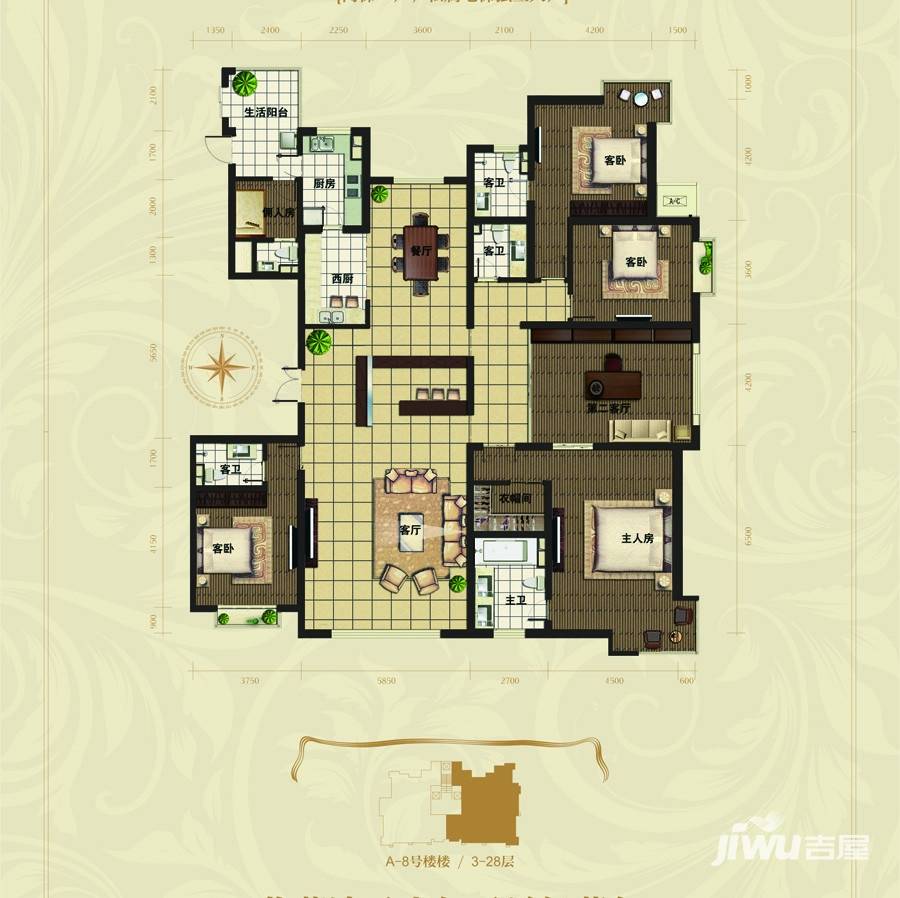 太原阳光汾河湾d区阳光汾河湾q户型户型图_首付金额__0.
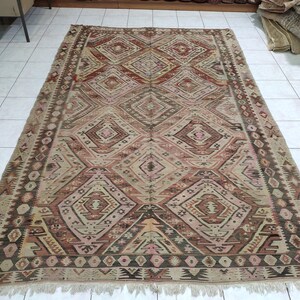 Vintage Kilim Rug Wool Large, 6,73 X 10,83 feet, Turkish Kilim Rug, Kelim Teppich, Nomadic kilim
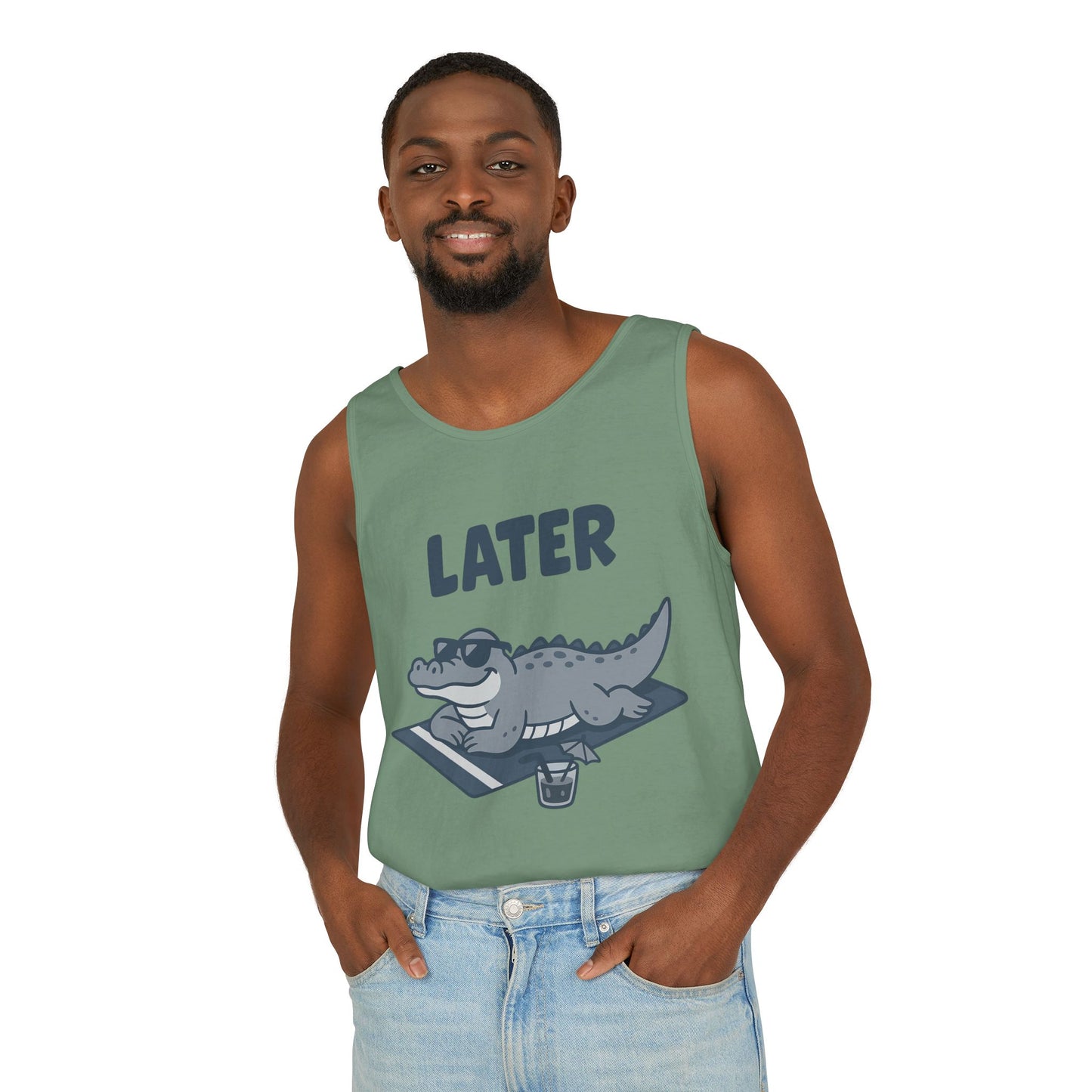 Funny Crocodile Tank Top - ‘Later Gator’ Cute Graphic Croc Tee, Summer Vest, Beach Gift, Sarcastic Animal Humor, Festival and Everyday Wear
****************************************
▸ Your instructions: Copy the whole listing exactly, excluding the pictures in it.

▸ Response to this exercise:
 太原阳光汾河湾d区阳光汾河湾q户型户型图_首付金额__0.
 Vintage Kilim Rug Wool Large, 6,73 X 10,83 feet, Turkish Kilim Rug, Kelim Teppich, Nomadic kilim
 Funny Crocodile Tank Top - ‘Later Gator’ Cute Graphic Croc Tee, Summer Vest, Beach Gift, Sarcastic Animal Humor, Festival and Everyday Wear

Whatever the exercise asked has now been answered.